Disusun menyerupai anatomi ayam yang masih utuh, sajian ini menjadi bagian penting dalam berbagai upacara adat dan momentum sakral masyarakat Simalungun. Menurut laman budaya-indonesia.org, Dayok berarti ayam, sementara “nabinatur” bermakna disusun secara teratur.
Penyusunan ini bukan sembarang tata letak. Setiap bagian ayam, mulai dari kepala, leher, sayap, dada, punggung, paha, kaki, hingga hati dan ampela dipotong mengikuti struktur tubuhnya, lalu ditata rapi di atas pinggan khusus menyerupai bentuk ayam ketika masih hidup. Susunan itu mengandung pesan filosofis: siapa pun yang menerima hidangan ini diharapkan memiliki hidup yang teratur, tertib, dan penuh arah.
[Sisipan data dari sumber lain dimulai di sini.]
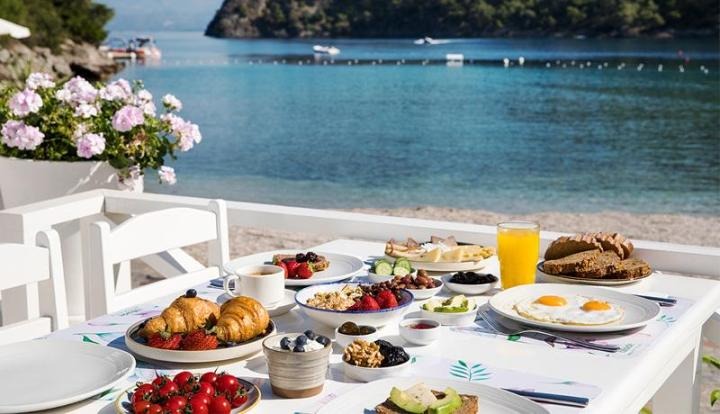 Hillside Beach Club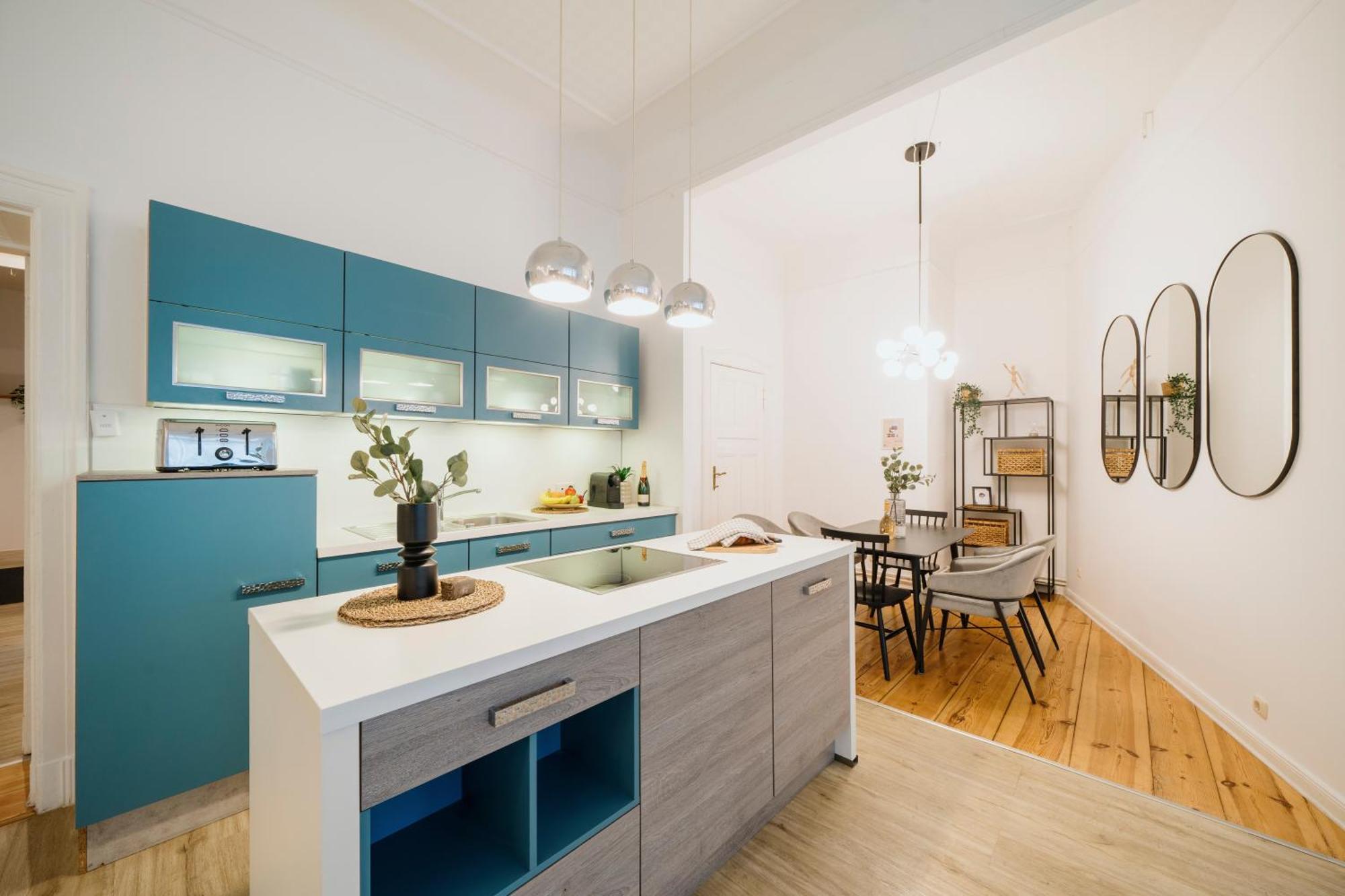 Homely - Luxurious, Spacious, Near Victory Column, River Apartment *
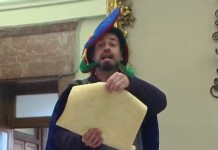 L’ironia non salva la politica, Accorinti accusato di tradire l’esperienza del Pinelli. Protesta teatrale a Palazzo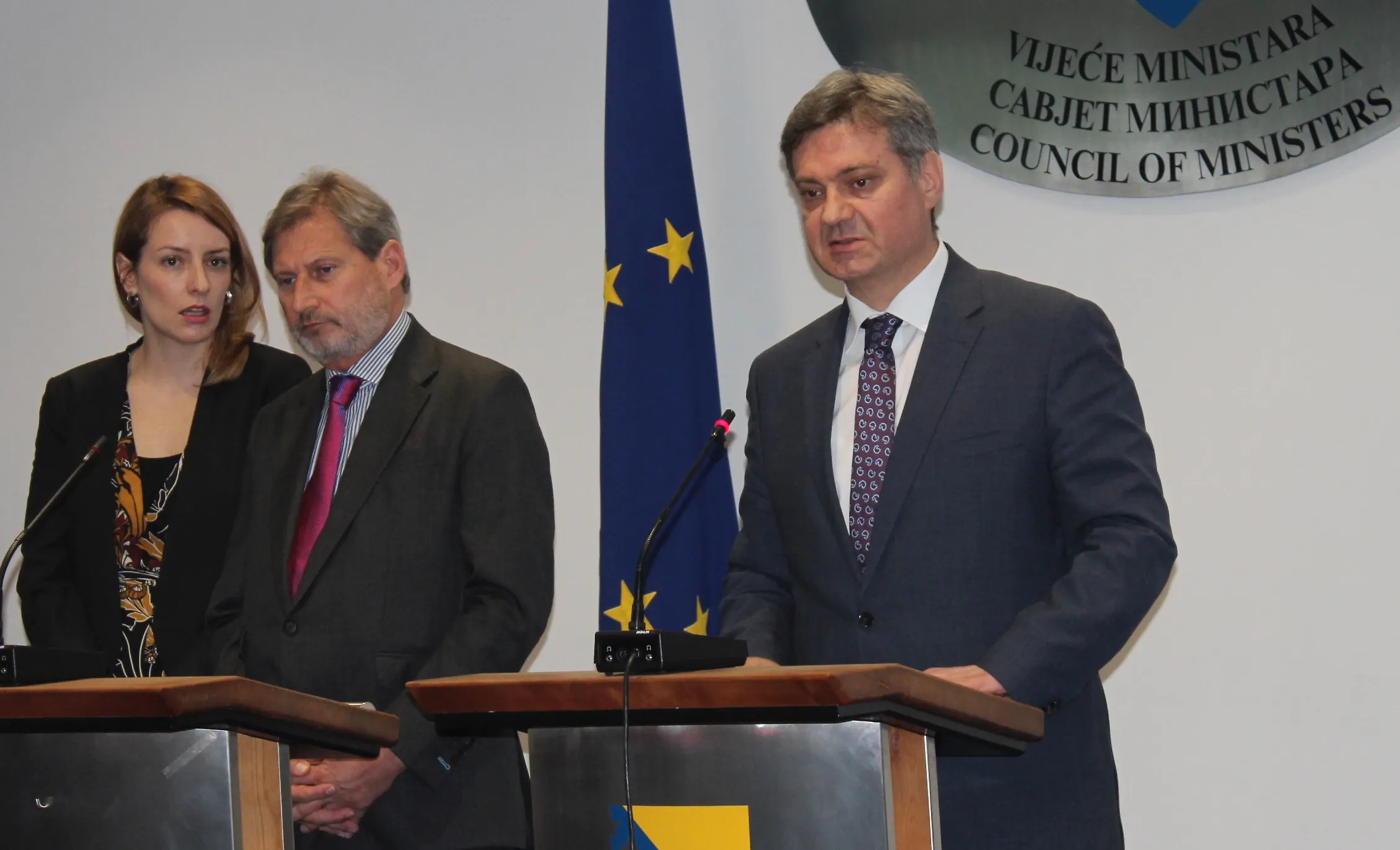 Konferencija za novinare predsjedavajućeg Zvizdića i komesara Hahna (AUDIO)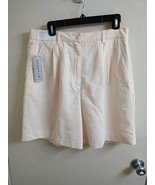 Izod Club Women&#39;s Antique Ivory Size 14 Shorts Front And Back Pockets Ne... - $13.50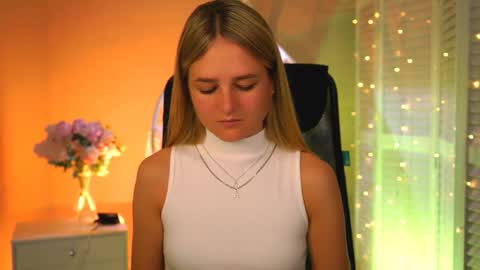 Snapshot of deboralarson chatting on April 2026 03:07:02 AM Debora online show from April 2026 03:07:02 AM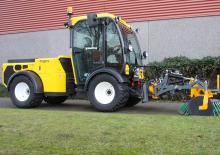 Municipal Tractors Front Hitch Multihog MX 120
Ayam yang digunakan umumnya ayam jantan kampung, khususnya yang berwarna merah dengan jambul yang bagus. Ayam jantan dipilih sebagai simbol kegagahan, semangat, kerja keras, kewibawaan, dan pantang menyerah. Dalam beberapa kesempatan, ayam hutan juga digunakan untuk hasil yang dianggap lebih maksimal.
Secara historis, pada masa Kerajaan Simalungun, hidangan ini disajikan khusus untuk raja. Seiring waktu, Dayok Nabinatur diberikan pula kepada tokoh adat, pemimpin daerah, atau masyarakat yang dihormati. Fungsinya bukan hanya sebagai santapan, tetapi juga sebagai medium penyampaian doa, nasihat, dan rasa syukur.
Di lingkungan keluarga, Dayok Nabinatur kerap disajikan saat anak hendak merantau, memasuki dunia kerja, atau melanjutkan pendidikan. Orang tua menyerahkan hidangan ini sembari menyampaikan petuah: agar hidup di perantauan tetap teratur, santun, tahu etika, serta mampu mencari rezeki dengan cara yang baik. Filosofinya sederhana namun dalam. Sebelum ada alarm, ayam berkokoklah yang membangunkan masyarakat desa untuk memulai hari dan mencari rezeki.
Dalam proses pengolahan, daging ayam dapat dipanggang, digulai, atau dimasak dengan teknik lemang. Untuk versi panggang tradisional, darah ayam yang ditampung saat penyembelihan diolah menggunakan perasan kulit akar atau batang pohon Singkam (Bischofia javanica Blume), lalu dilumurkan ke seluruh potongan ayam.
Hasilnya berwarna merah terang dan dikenal sebagai “Dayok Binatur Hinasumba”. Namun, karena penggunaan darah, sajian ini tidak halal. Untuk menyesuaikan kebutuhan, darah dapat diganti dengan santan kelapa dan serundeng yang juga diberi perasan getah pohon tersebut.
Sentuhan akhir berupa cabe rawit, irisan jahe, bawang merah, serta mahkota bunga kembang sepatu diletakkan di atas susunan ayam. Selain memperindah tampilan, kelopak bunga itu berfungsi menetralkan rasa pedas dari bumbu.
Dayok Nabinatur biasanya hadir dalam acara adat seperti baptisan, angkat sidi, perkawinan, kematian lanjut usia, memasuki rumah baru, wisuda, kenaikan pangkat, hingga syukuran lainnya. Prosesi penyerahannya pun khidmat.
Para peserta duduk bersila, penerima berada di hadapan pemberi, lalu disampaikan doa dan harapan singkat sebelum makan bersama. Daging cincang dan bumbu harus disantap dalam satu suap sebagai simbol kesiapan menerima berkat.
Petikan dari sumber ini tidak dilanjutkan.